La production peut compter pour ses rôles secondaires sur la fine fleur du répertoire Offenbachien, avec pas moins de sept chanteurs iconiques du genre, qui apportent tous de la fraicheur par leur savoir-faire. Philippe Talbot remporte un franc succès en Comte de Gloria-Cassis, avec sa voix sombre et bien ancrée, son articulation soignée de faux espagnol jouant un vrai espagnol, et son phrasé fluide. Son souffle semble parfois à la limite de la rupture, ce qui peut s’expliquer cependant par la danse qui accompagne son chant. Mathias Vidal brûle les planches en Duc de Mantoue, par son énergie théâtrale et comique, son timbre brillant et sa diction de conteur. Yann Beuron se montre en forme en Baron de Campo-Tasso impeccable dans son costume de mafieux italien, précis dans sa diction, émettant sans peine un timbre barytonant. L’expérience (et l’agilité de ses collègues qui le suivent parfaitement) lui permet de masquer son erreur de texte qui n’aura finalement perdu que la personne en charge des surtitres. Laurent Naouri incarne un Chef des carabiniers aux allures de de Funès dans le Gendarme de Saint-Tropez, avec sa voix aux résonateurs grands ouverts. Rodolphe Briand semble s’amuser en Pietro, laissant entendre un timbre corsé, qu’il manie avec musicalité dans son trio de l’acte II. Éric Huchet est un Domino de luxe, lui qui campait un excellent Falsacappa à l’Opéra Comique en 2011. Sa voix claire et ferme porte et emplit la salle. Franck Leguérinel enfin, en Barbavano avec des cheveux et une longue moustache rouges, ne se départit pas de son habituelle voix franche et théâtrale.
Adriana Bignagni Lesca interprète la Princesse de Grenade de sa voix large et chaude dont la profondeur impressionne dans les parties parlées. Flore Royer est son Page, à la voix douce mais légèrement voilée ce soir. Leonardo Cortellazzi est Carmagnola à l’ancrage aigu. Les quatre paysannes du premier acte sont chantées par Ilanah Lobel-Torres, Zerlina à la voix ambrée, par Clara Guillon, Fiametta à la voix piquante et acidulée, Marine Chagnon (Cicinella) et Maria Warenberg (Bianca) complétant un quatuor espiègle.
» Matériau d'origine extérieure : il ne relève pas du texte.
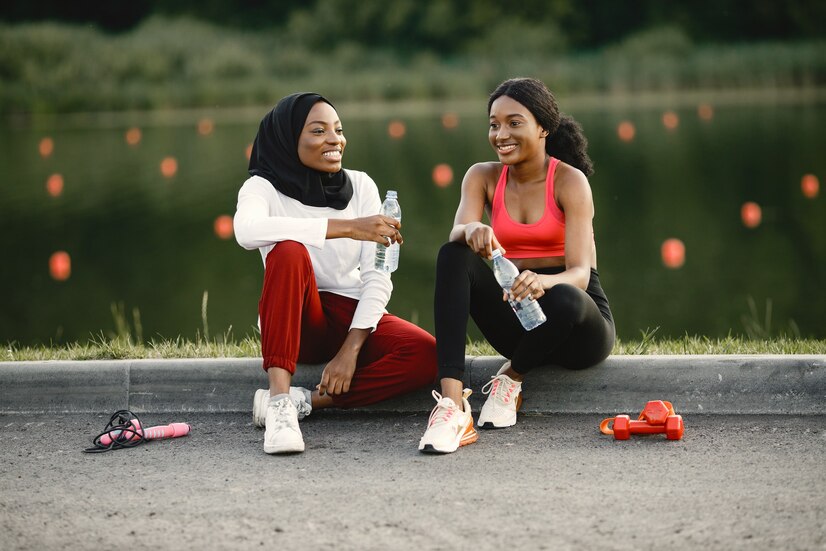 Two women resting after exercising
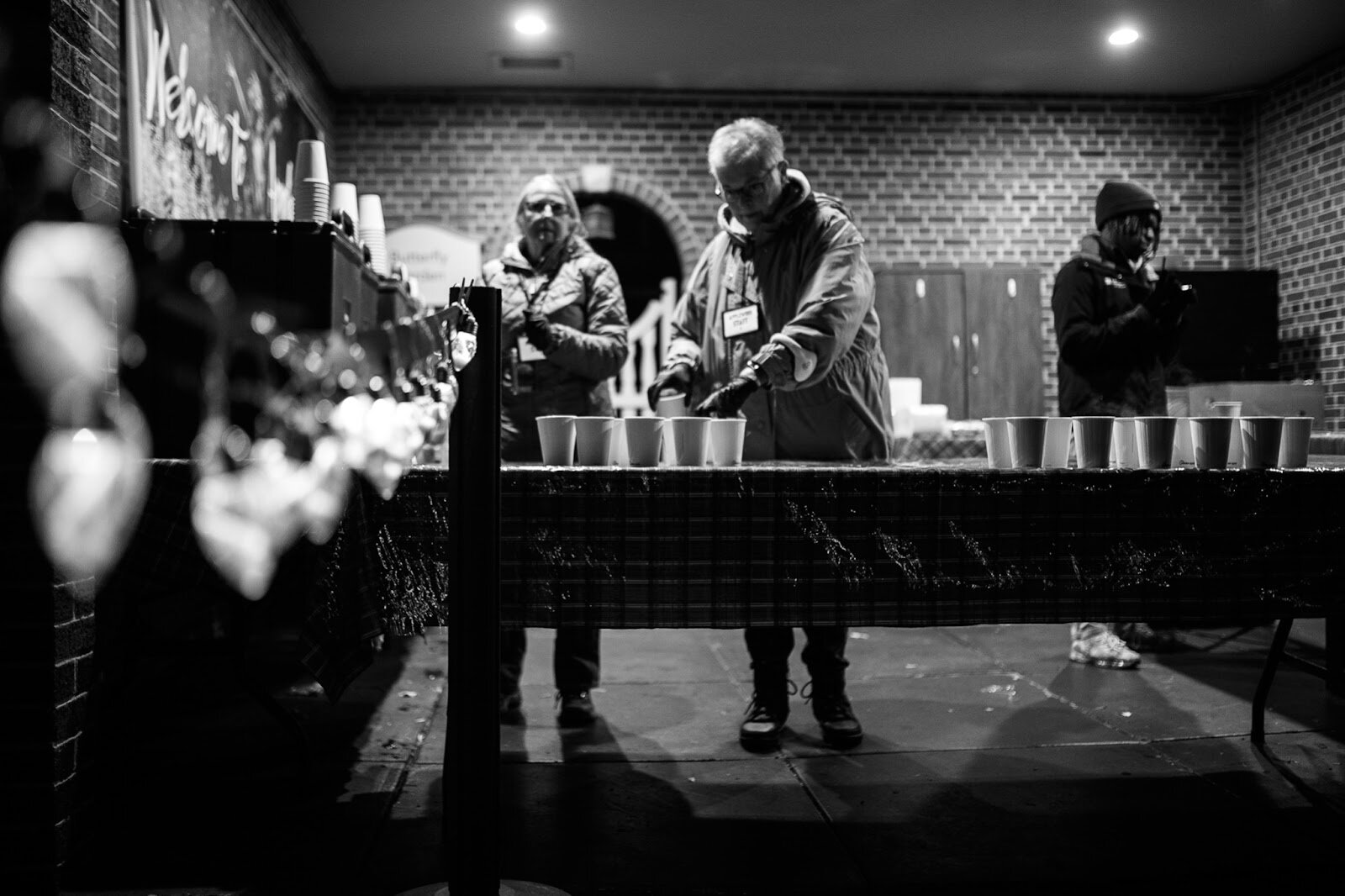 Applewood volunteers hand out free hot cider and cookies during the College Cultural area’s 37th Annual Holiday Walk in Flint on Tuesday, Dec. 6, 2022. (Jenifer Veloso | Flintside)
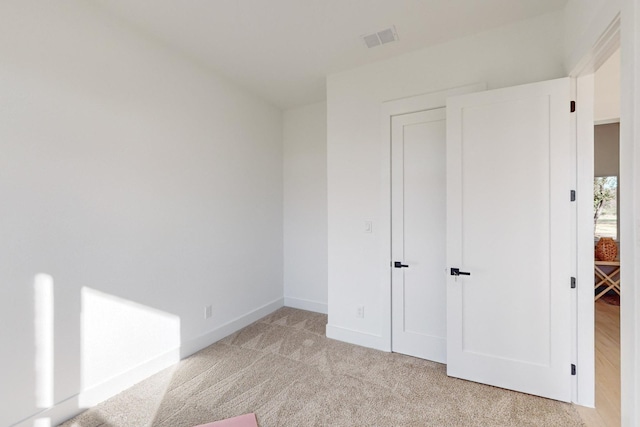 3791 Evergreen Ln, Caddo Mills, TX 75135 - unfurnished bedroom with light colored carpet, baseboards, and visible vents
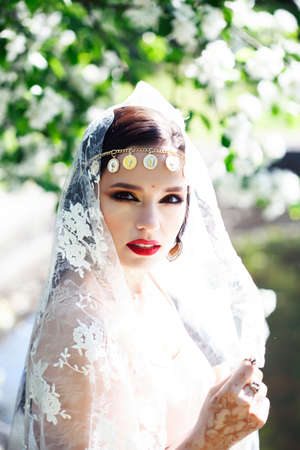 young pretty indian girl in jewelry and veil posing cheerful happy smiling in green park, lifestyle people conceptの写真素材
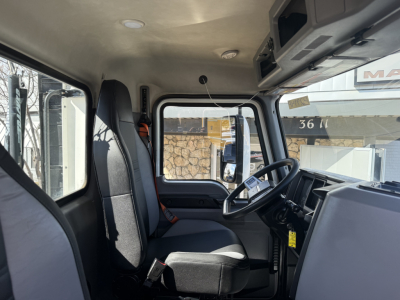 Truck cab interior of 2022 Mack AN42T showing driver seat, steering wheel, dashboard, and front window with overhead storage cabinet.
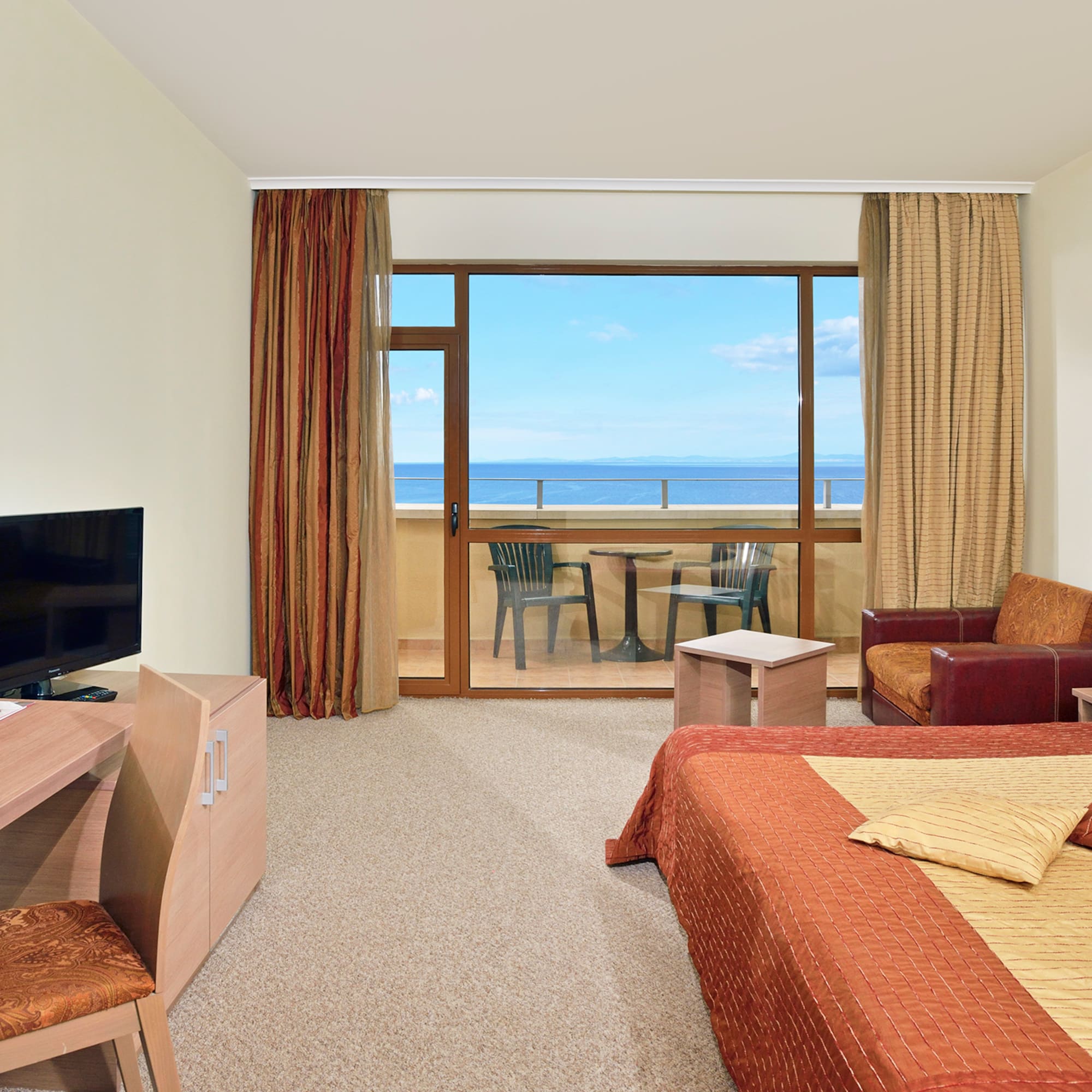 a room with a television and a bed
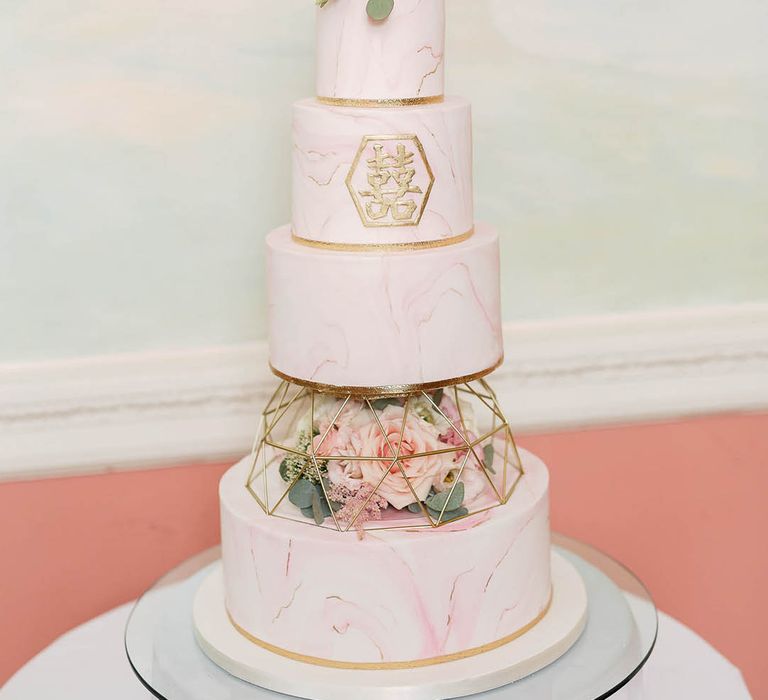 4-tier marble wedding cake complete with blush pink frosting and gold detailing 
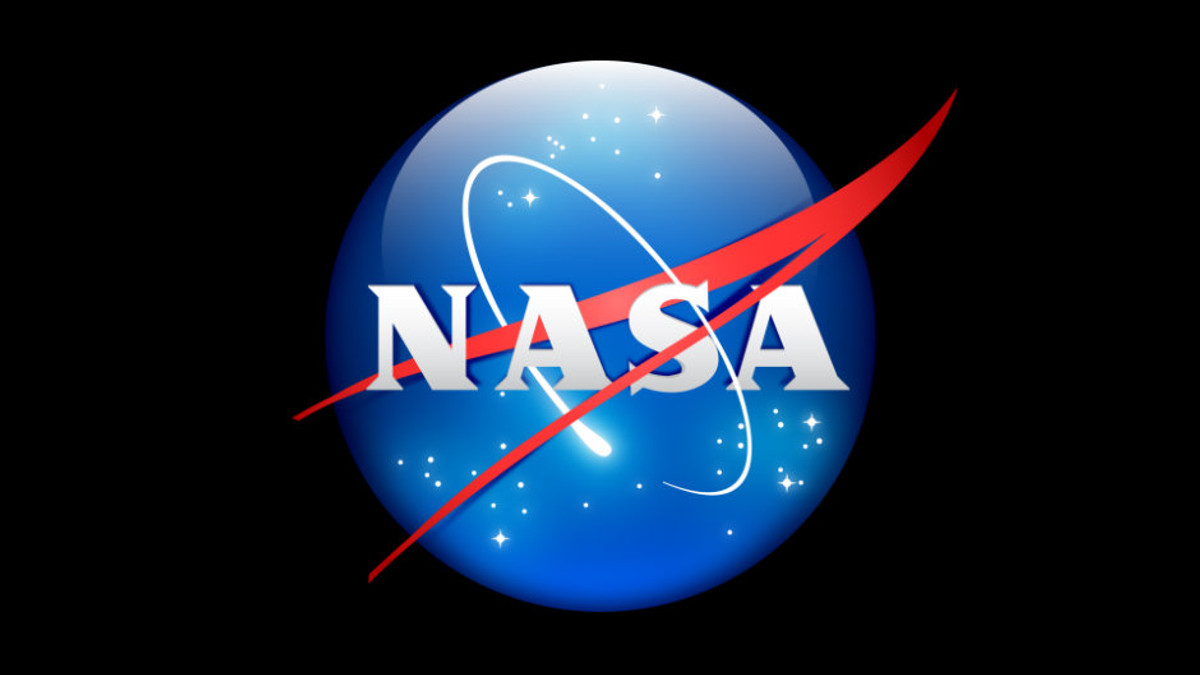 NASA показало кольоровий знімок пустель Плутона - фото 1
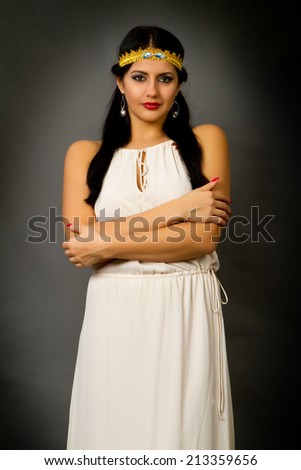 beautiful young brunette woman in a bright dress on a gray background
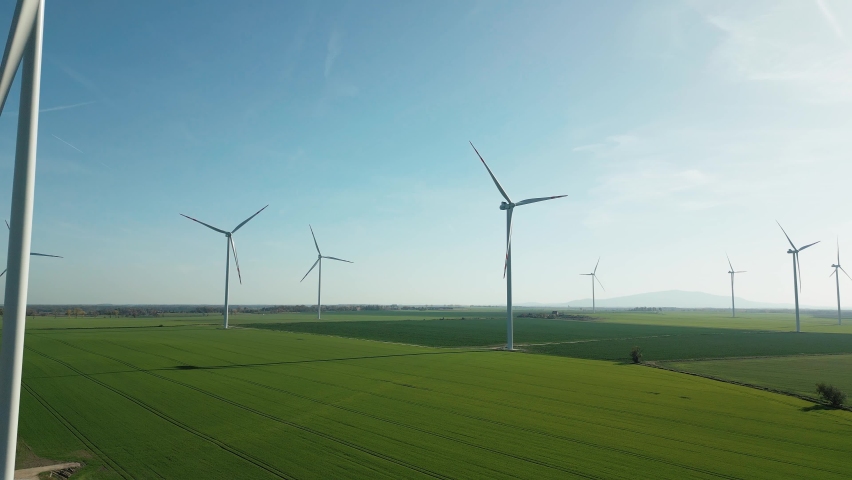 Green energy, wind turbines produce energy in the green field, modern power plant, alternative energy sources, quadrocopter flight. Royalty-Free Stock Footage #1096511425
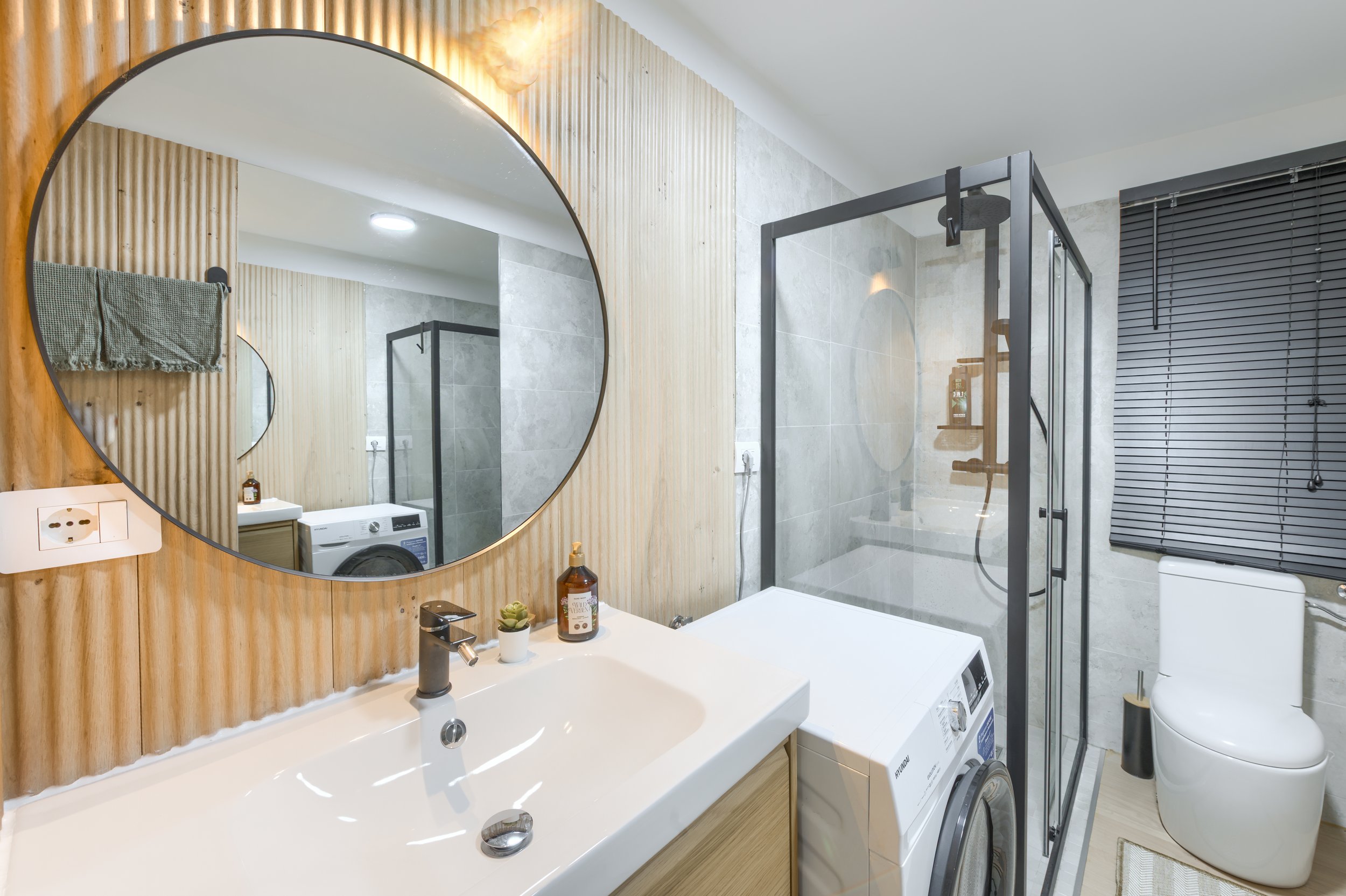 Modern bathroom with large round mirror, wooden wall paneling, white sink, bottle of soap, small plant, washing machine, glass shower enclosure, toilet, and window with black blinds, a luxurious retreat, an exclusive retreat, refined mountain retreat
Les deux courtisanes de Mantoue sont campées par Doris Lamprecht en Marquise d’une voix ronde et perchée et par Helene Schneiderman en Duchesse à la voix rougeoyante. La comédienne Sandrine Sarroche interprète Antonio : son monologue très politique, qui critique Bruno Le Maire en vers, reçoit l’hostilité d’une partie du public. Sonorisée dans ses parties parlées, elle le reste pour chanter son air.
Stefano Montanari est placé à la tête de l’Orchestre de l’Opéra de Paris, qui se montre enlevé, enthousiaste et précis. Lors des grands ensembles, le chef peine toutefois à tenir ses troupes, et de larges décalages se produisent (notamment durant le final de l’acte II), qui peinent à se résorber. Les Chœurs de l’Opéra de Paris alternent le meilleur (par exemple lors de leur première entrée, malgré un important investissement scénique) et le moins bon (le chœur des marmitons), participant parfois à générer ces importants décalages.
Peu amène avec l’équipe de mise en scène, le public accorde en revanche un accueil chaleureux à l’orchestre et à l’ensemble du plateau vocal de cette production, qui est dédiée, selon le programme, à la mémoire de Jodie Devos, décédée brutalement au mois de juin dernier.